U.S. Coast Guard Cutter Seizes $48M Worth of Drugs in Gulf of Oman
On Monday, a U.S. Coast Guard fast response cutter seized an estimated $48 million worth of narcotics from a fishing vessel in the Gulf of Oman.
The cutter USCGC Glen Harris seized 5,000 kilograms of hashish and 800 kilograms of methamphetamine in an interdiction in international waters.
Glen Harris previously intercepted another fishing vessel on Aug. 30 while patrolling the Gulf of Oman. The earlier interdiction yielded 2,980 kilograms of hashish and 320 kilograms of amphetamine tablets worth $20 million. In May, the Glen Harris seized heroin, methamphetamine and amphetamine pills worth $28 million in two separate intercepts in the same area.

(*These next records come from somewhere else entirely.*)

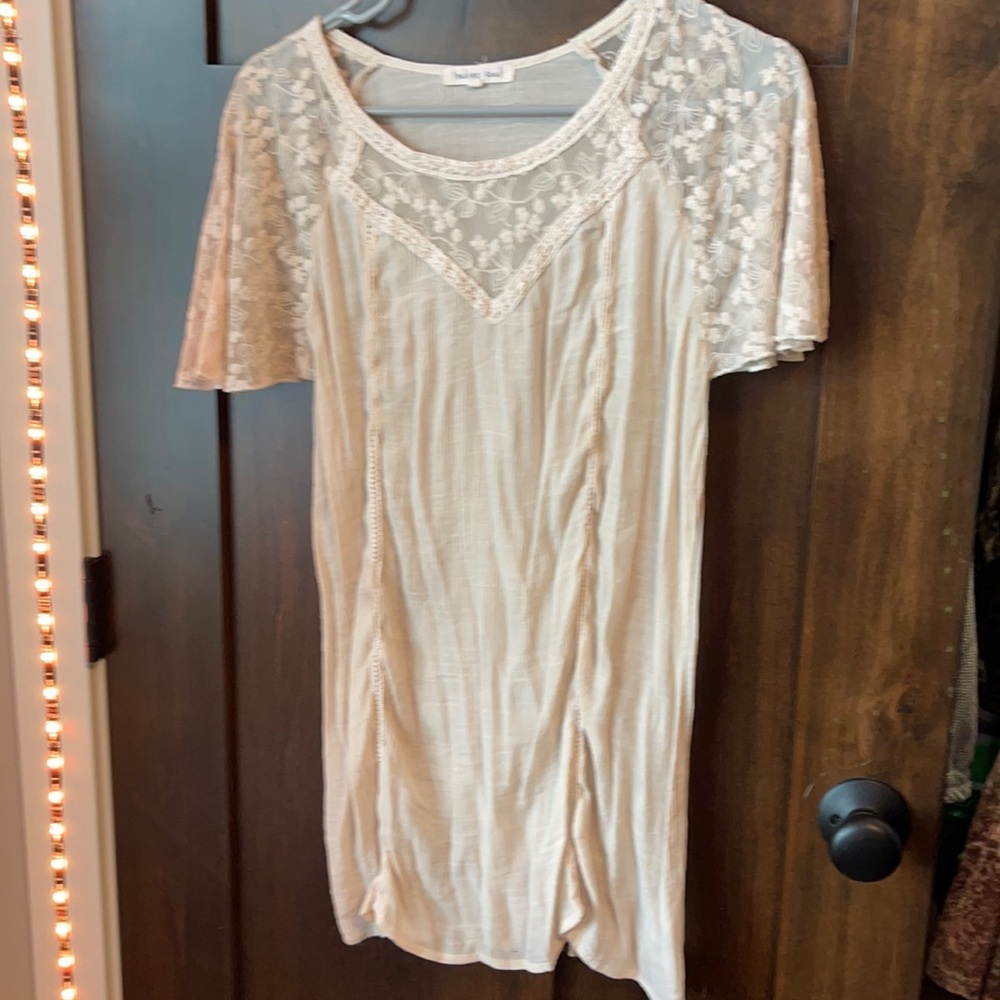 FLORAL CREAM TOP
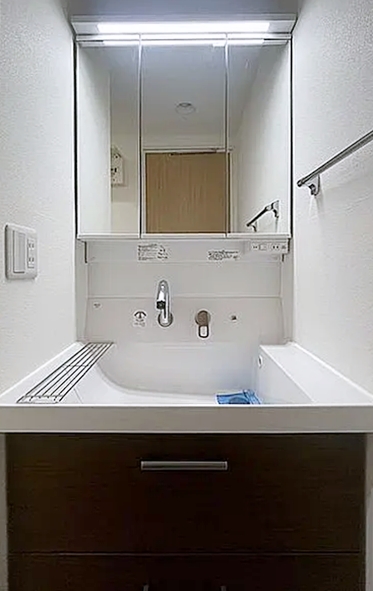 洗面設備　身支度に欠かせない独立洗面台♪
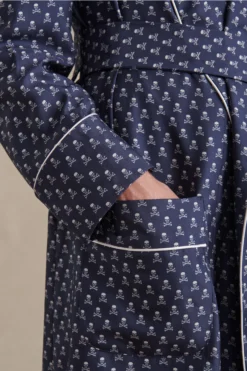 Navy & Cream Skull & Crossbones Unlined Printed Silk Dressing Gown 7 Navy & Cream Skull & Crossbones Unlined Printed Silk Dressing Gown -Fashion-New and Lingwood 402276 4 scaled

The fast response cutter arrived in the Middle East in January and operates out of the U.S. Navy base in Bahrain. She supports the Combined Maritime Forces (CMF), a 34-nation partnership focused on maritime security, and she is assigned to Combined Task Force 150 (CTF 150).
CTF 150 has had other notable successes in recent weeks. On October 2, a Royal Navy frigate seized an 870-kilo shipment of methamphetamine in the waters of the Gulf of Oman. U.S. 5th Fleet estimates the value of the seizure at about $45 million, or about $50,000 per kilo. Montrose has been patrolling the Middle East for CMF since 2019, and this was her fifth drug bust of the year.
The CMF patrols about 3.2 million square miles of international waters, including some of the world’s most strategic shipping choke points. Its counternarcotics operations enforce the rule of law and clamp down on the illegal smuggling activity that terrorist groups and insurgents use to fund their operations. The boardings also occasionally result in large weapons seizures, including shipments attributed to Iranian support to the Houthi rebel group in Yemen.